Maria Sharapova: A Complicated Good-Bye
With a number of top stars in action, there is plenty of great tennis on offer this week, but the biggest story of the week has come off court. In a letter for Vanity Fair and Vogue, Maria Sharapova has announced that at the age of thirty-two, she is saying good-bye to tennis. In saying farewell, she leaves behind a very complicated legacy.
The primary complication in her legacy stems from the 15-month doping ban she served in 2016 for testing positive for the banned substance meldonium. Her comments and reasoning surrounding her use of the substance did little to help the situation. The fact that she was unable to bounce back from that suspension and perform without the drug has the most cynical of tennis fans questioning the entirety of her legacy, and given that the suspension essentially ended her career, it is that much more of a glaring blemish.
To some degree, Sharapova was also a polarizing figure. She had a reputation for being an ice queen, and while she hardly minded the moniker, it did little to earn her many friends in the locker room. She was also perhaps most widely known for her shrieking, a trait that was off-putting for many fans and more than a little irksome to some of her opposition.
Despite these truths that have tarnished her career, however, there is much credit that must be given to the Russian. She boasts a well-earned reputation as one of the fiercest competitors in the game. No matter the score and no matter the opponent, Sharapova could always be counted on to fight until the last ball. She clawed her way out of many a deficit just by her pure will. She was never content to sit on her laurels but rather always looking to improve and stay one step ahead of the competition. She proved remarkably resilient as well. She endured a number of injuries and even did the unthinkable by winning a major following shoulder surgery. Her hunger and drive were second to none.
That hunger and drive played a large role in propelling to her a lot of success, too. She stunned the tennis world and Serena Williams when she captured her maiden slam on the lawns of Wimbledon at just the age of seventeen. She would go on to become Number 1 in the world aged only eighteen. Despite terming herself as a “cow on ice,” when describing how she felt she played on the clay, she went on to win two titles at Roland Garros. In so doing, she became only one of a select group of players to have completed a career Grand Slam.

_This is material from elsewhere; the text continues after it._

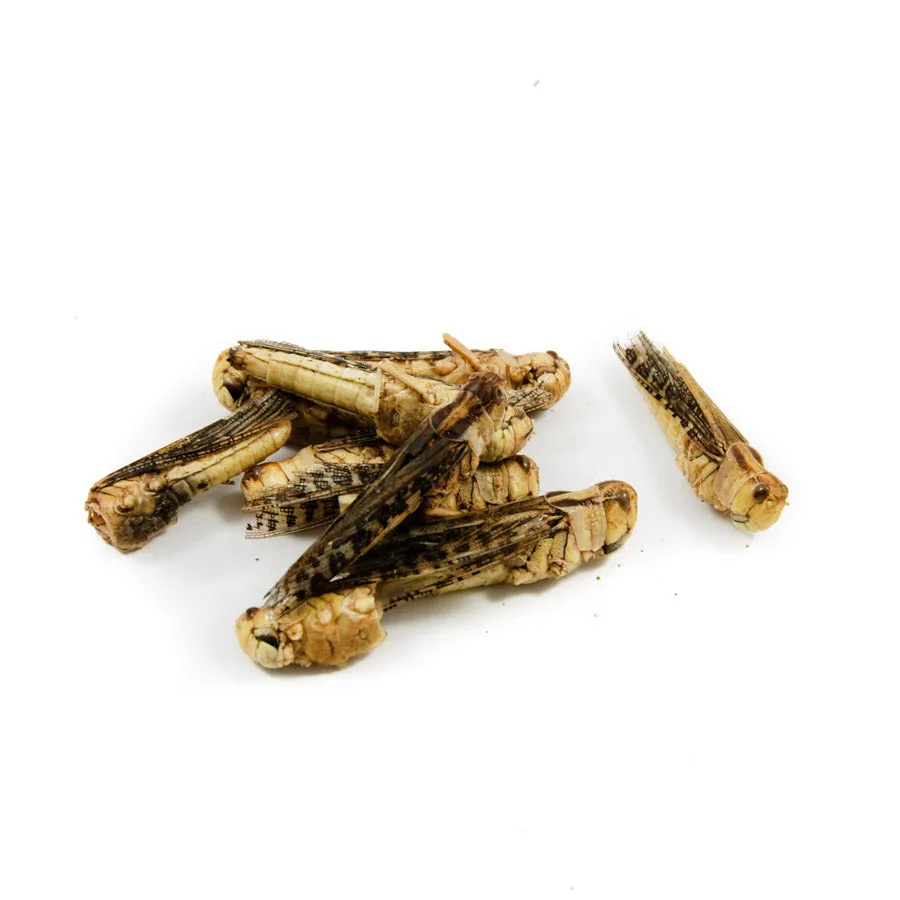 Edible Grasshoppers, 9g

So, where does all of this leave Sharapova in the annals of tennis history? On the one hand, there is no getting around that there are some serious blemishes that will forever tarnish her career. To some extent though, she has arguably partially paid for those blemishes. With a ranking well outside the Top 300, she has not really been able to end her career on her own terms and has been denied a fairy tale ending or a farewell run. There is also no denying that she had a champion's mentality. In her prime, more often than not, she was money when the chips were down. That, more than anything, helped propel her to greatness, and she deserves credit where that credit is due. And, when all is said and done, regardless on which side of the fence you fall, there is no question that Sharapova brought added interest and entertainment to tennis, and the sport benefited from it.